Segment Open

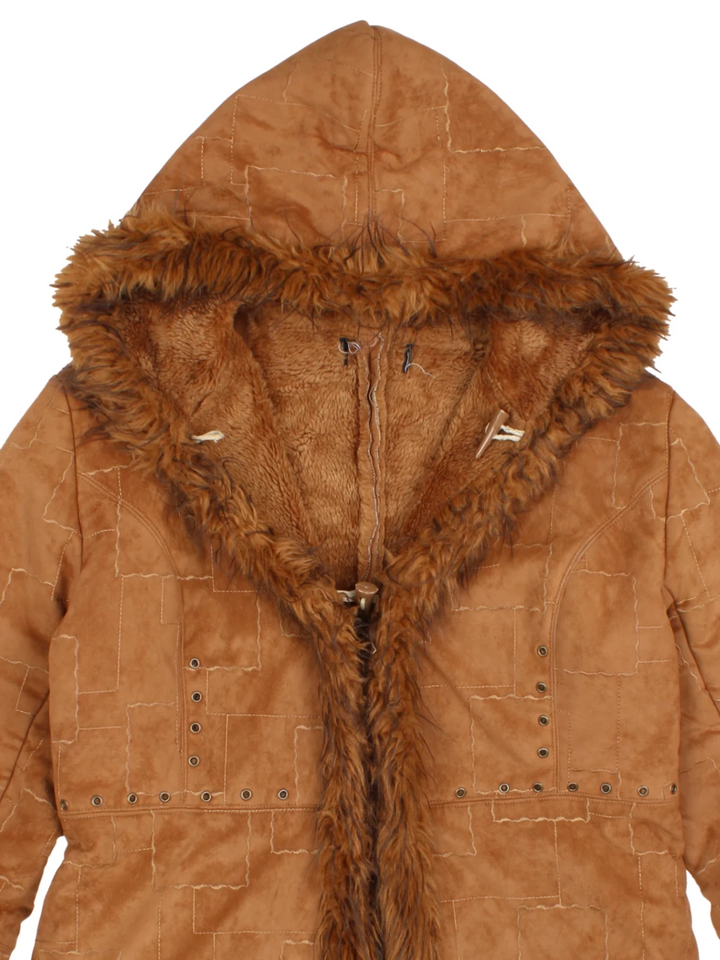 Studded Afghan Coat (Size L) - VintageFolk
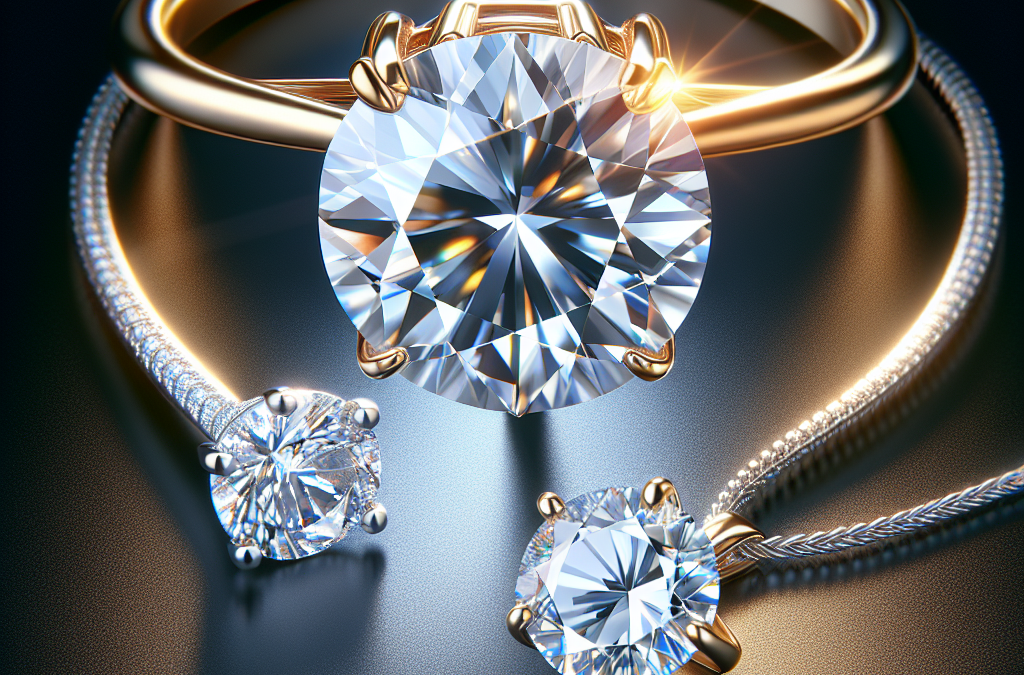 How do rings and necklaces showcase diamonds differently?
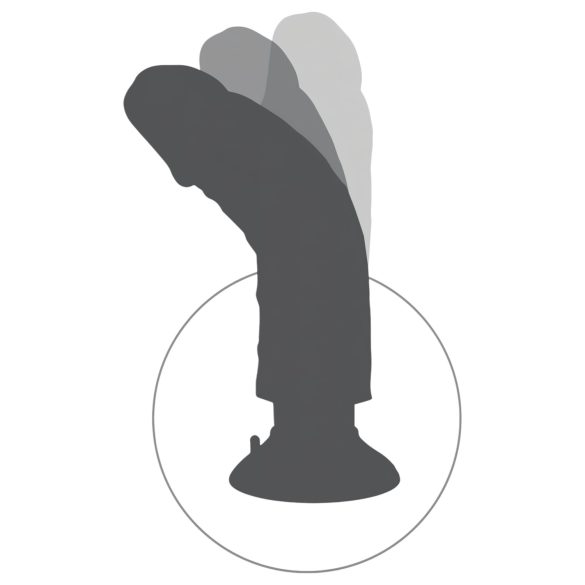 King Cock 9 - buigzame zuignap vibrator (26cm) - naturel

Segment Closed

### Work to complete
Exclude the images and output the lines above exactly.

### Written answer
 Studded Afghan Coat (Size L) - VintageFolk
 How do rings and necklaces showcase diamonds differently?
 King Cock 9 - buigzame zuignap vibrator (26cm) - naturel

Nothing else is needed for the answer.